MANILA, Philippines - By the time Albay Governor Joey Salceda walked the ramp at the Albay Astrodome, I’d already lost count of the number of gowns and barong Tagalogs that were presented during the evening.
The event was the Pinukpok Fashion Show, organized by the office of the governor to increase the profile of Albay’s newest industry, which is pinukpok fabric weaving.

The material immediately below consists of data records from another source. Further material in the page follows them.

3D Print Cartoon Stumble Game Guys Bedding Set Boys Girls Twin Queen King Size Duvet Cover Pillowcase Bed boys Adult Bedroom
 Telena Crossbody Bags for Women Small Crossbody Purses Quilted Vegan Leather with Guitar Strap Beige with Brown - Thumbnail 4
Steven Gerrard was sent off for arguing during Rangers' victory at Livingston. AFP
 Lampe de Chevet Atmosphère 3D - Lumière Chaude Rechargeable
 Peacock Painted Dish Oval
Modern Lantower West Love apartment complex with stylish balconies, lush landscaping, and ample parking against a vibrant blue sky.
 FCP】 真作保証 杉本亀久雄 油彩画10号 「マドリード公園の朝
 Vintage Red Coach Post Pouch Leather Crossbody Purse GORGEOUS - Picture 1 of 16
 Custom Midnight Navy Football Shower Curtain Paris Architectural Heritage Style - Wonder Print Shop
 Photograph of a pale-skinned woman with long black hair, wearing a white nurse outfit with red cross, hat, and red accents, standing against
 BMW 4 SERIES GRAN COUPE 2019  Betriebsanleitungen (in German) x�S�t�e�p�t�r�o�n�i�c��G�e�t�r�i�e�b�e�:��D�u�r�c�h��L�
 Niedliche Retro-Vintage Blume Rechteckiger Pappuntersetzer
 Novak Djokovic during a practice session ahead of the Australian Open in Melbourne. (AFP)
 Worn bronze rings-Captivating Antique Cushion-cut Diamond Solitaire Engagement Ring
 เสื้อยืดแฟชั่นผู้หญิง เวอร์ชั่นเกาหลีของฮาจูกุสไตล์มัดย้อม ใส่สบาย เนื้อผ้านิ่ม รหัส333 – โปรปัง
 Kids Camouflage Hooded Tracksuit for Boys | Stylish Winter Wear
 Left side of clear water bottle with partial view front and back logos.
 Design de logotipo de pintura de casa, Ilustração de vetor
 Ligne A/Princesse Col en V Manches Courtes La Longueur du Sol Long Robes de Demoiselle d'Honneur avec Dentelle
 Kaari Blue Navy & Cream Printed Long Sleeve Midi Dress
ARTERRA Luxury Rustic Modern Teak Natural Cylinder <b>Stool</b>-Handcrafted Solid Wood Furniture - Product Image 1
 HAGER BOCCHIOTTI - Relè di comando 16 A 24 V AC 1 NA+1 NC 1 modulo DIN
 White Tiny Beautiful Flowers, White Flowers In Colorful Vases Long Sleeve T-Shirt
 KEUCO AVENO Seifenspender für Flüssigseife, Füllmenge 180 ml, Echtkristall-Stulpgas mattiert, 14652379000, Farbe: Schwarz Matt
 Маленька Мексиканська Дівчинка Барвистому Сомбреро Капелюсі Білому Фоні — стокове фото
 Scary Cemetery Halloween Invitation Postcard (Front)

A back story on the pinukpok industry’s beginnings: the 1992 eruption of Mayon Volcano left many families that were living on the now-recognized six-kilometer danger zone homeless,thus they were relocated to a permanent residence in Sitio Caridad, Banquerohan, Legazpi City. A new home didn’t immediately mean a new livelihood, however, and Sitio Caridad was soon teeming with homeless farmers whose land and animals were buried underneath the lava flow. To address the problem of the residents’ joblessness, the local government with the help of NGOs made a survey of the prevalent skills among the settlers to determine the kind of industry that might thrive in Banquerohan. Weaving was found to be one of the main skills, and tied in with the fact that the Bicol region is the highest producer of abaca in the world (as of 2009, according to Dr. Marissa Estrella, dean of the Bicol University College of Agriculture and Forestry, Bicol produced 14,140 metric tons of abaca fiber), weaving an abaca-based fabric made perfect sense.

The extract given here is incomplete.